Leslie had a widely publicised relationship with nurse Abi Titmuss, who became a star in her own right when a video Leslie filmed of her having sex with another woman was leaked.

Football
Leslie is also known for his affinity for football. He played in goal for the Scottish team in the Celebrity World Cup Soccer Six tournament, which took place on 14 May 2006 at St Andrew's, the home of Birmingham City. He is a supporter of Hibernian.

Television

Blue Peter
On 20 April 1989, Leslie became Blue Peters first Scottish presenter, and also the tallest at 1.93 m (6' 4"). He was the second Blue Peter presenter to take part in the London Marathon, following Peter Duncan. He finished in four hours, thirty-six minutes.

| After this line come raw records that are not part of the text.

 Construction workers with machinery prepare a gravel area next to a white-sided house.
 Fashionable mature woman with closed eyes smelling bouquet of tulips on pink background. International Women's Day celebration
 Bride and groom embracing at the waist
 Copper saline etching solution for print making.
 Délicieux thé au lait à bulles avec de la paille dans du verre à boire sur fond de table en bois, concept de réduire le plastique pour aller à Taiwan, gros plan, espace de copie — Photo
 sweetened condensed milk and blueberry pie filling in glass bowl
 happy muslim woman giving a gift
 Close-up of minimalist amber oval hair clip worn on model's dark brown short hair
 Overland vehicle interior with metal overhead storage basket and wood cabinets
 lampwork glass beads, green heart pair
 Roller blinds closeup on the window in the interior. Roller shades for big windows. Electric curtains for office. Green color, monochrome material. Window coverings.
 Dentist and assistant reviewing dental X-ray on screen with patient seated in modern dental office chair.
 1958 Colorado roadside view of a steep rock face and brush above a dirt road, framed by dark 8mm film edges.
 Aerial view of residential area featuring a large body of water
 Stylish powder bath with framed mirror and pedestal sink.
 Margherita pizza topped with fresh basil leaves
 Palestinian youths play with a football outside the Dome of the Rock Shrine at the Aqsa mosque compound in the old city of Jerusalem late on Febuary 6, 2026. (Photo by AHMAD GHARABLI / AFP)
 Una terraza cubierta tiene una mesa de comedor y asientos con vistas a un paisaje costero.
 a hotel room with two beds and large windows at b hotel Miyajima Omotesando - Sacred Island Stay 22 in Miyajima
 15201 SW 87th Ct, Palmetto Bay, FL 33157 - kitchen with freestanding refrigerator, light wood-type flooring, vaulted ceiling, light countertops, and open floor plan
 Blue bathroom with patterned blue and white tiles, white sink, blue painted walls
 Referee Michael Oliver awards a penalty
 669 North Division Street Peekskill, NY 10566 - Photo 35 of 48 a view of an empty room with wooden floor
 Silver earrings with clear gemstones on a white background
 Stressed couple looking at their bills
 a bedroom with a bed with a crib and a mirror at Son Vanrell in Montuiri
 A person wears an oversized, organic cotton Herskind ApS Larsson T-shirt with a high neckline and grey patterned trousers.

On his last show he was set John's Final Challenge which involved abseiling down BBC Television Centre, completing a velcro and wheelbarrow obstacle course, then trampolining and conducting an orchestra in the studio. Leslie presented Blue Peter with Caron Keating, Yvette Fielding, Diane-Louise Jordan, Anthea Turner and Tim Vincent.

Wheel of Fortune
Leslie succeeded Bradley Walsh as the main presenter of the British version of Wheel of Fortune. He was succeeded in 2001 by Paul Hendy. That year, he turned up on Lily Savage's Blankety Blank.

This Morning
From series 11 in 1999 Leslie, alongside Fern Britton, was a regular presenter of the Friday edition. When Richard Madeley and Judy Finnigan departed the show in 2001, they were replaced by Coleen Nolan and Twiggy, with Britton and Leslie remaining on Fridays. However, Nolan and Twiggy proved less popular with viewers, so Britton and Leslie took on the full job of presenting the show, bringing the ratings back up to around one million. In 2002, after allegations of sexual offences were made in the press against Leslie, he was dismissed from the programme and replaced by Phillip Schofield from Mondays to Thursdays and by Eamonn Holmes on Fridays (with Ruth Langsford).

Music and radio
In December 2003, Leslie appeared in the music video for the Christmas single "Proper Crimbo", released by Bo' Selecta! creator Leigh Francis, alongside Matthew Wright in a spoof of their presumed rivalry.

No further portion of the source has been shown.